As a general rule, courts will not disturb the findings of a referee as long as they are substantially supported by the record and the referee has clearly defined the issues and resolved matters of credibility (see Anvaer v. Anvaer, 160 AD3d 794).  The trial court is vested with broad discretion in making an equitable distribution of marital property, and unless it can be shown that the court improvidently exercised that discretion, its determination should not be disturbed (see Gafycz v. Gafycz, 148 AD3d 679;  Halley–Boyce v. Boyce, 108 AD3d 503, 504).  Here, we discern no proper basis for disturbing the equitable distribution determination made by the Court Attorney Referee.

“ ‘A court, by or after judgment, may appoint a receiver of property which is the subject of an action, to carry the judgment into effect or to dispose of the property according to its directions' ” (Caponera v. Caponera, 165 AD3d 1221, 1222, quoting CPLR 5106;  see Wagenmann v. Wagenmann, 96 A.D.2d 534, 536).  “ ‘Whether a receiver should be appointed in a particular matter is a determination committed to the court's sound discretion’ ” (Caponera v. Caponera, 165 AD3d at 1222–1223, quoting Foley v. Gootenberg, 137 AD3d 744, 745).  Here, the record supports the Supreme Court's determination that the defendant failed to cooperate in effectuating the transfer of title to the 103rd Avenue property, as required by the judgment of divorce.  Under the circumstances, the court providently exercised its discretion in granting that branch of the plaintiff's cross motion which was to be appointed receiver of the 103rd Avenue property to effectuate the transfer of title (see Zephirin v. Pierre–Louis, 141 AD3d 517, 518).

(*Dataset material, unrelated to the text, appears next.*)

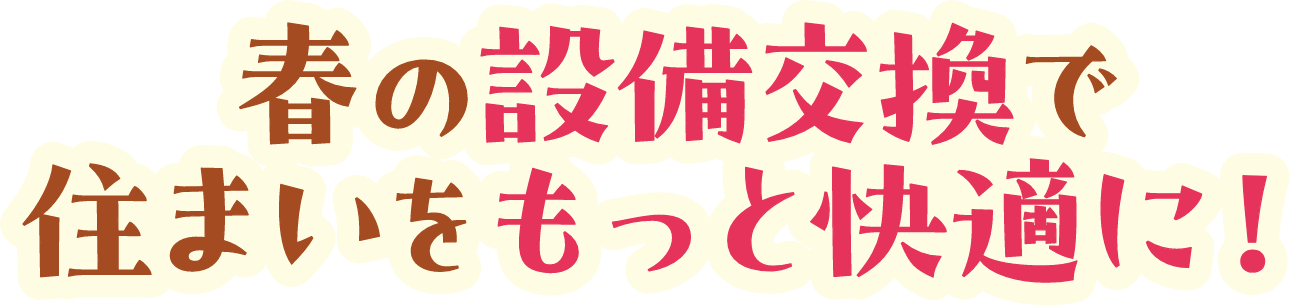 春の設備交換で住まいをもっと快適に!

We also agree with the Supreme Court's determination to deny those branches of the defendant's motion which were pursuant to CPLR 4404(b) and 5015 to vacate so much of the judgment of divorce as determined issues of equitable distribution.  Pursuant to CPLR 4404(b), after a trial not triable as of right by a jury, upon the motion of any party or on its own initiative, the court may set aside its decision and issue a new decision based on, inter alia, newly discovered evidence (see Da Silva v. Savo, 97 AD3d 525, 526).  Pursuant to CPLR 5015(a)(2), the court which rendered a judgment may relieve a party from it upon the grounds of, among other things, “newly-discovered evidence which, if introduced at the trial, would probably have produced a different result and which could not have been discovered in time to move for a new trial.”  “In order for relief to be granted under CPLR 4404(b) or 5015(a)(2) based on newly-discovered evidence, the movant must show that it could not have previously discovered the evidence” (Da Silva v. Savo, 97 AD3d at 526).

Here, the defendant failed to demonstrate either that the claimed newly discovered evidence would probably have produced a different result or that she could not have previously discovered the alleged new evidence.  While the defendant alleged that she had discovered “title issues” with respect to the Atlantic Avenue property, the record reflects that the defendant's deed to that property was recorded on July 4, 2004, prior to other deeds referenced by the defendant, which were not recorded until May 2, 2006, more than nine years prior to the commencement of the trial in this action.  The defendant failed to explain why she could not have previously discovered the other deeds, which were recorded prior to the commencement of this action.  The defendant failed to show that there was any third person who was claiming any right or interest in the title to the Atlantic Avenue property.  The defendant also failed to show that the decedent committed any fraud, either upon her or upon the Supreme Court.  Thus, we agree with the court's determination to deny those branches of the defendant's motion which were pursuant to CPLR 4404(b) and 5015 to vacate so much of the judgment of divorce as determined issues of equitable distribution.

The defendant's remaining contentions are without merit.

SCHEINKMAN, P.J., RIVERA, HINDS–RADIX and BARROS, JJ., concur.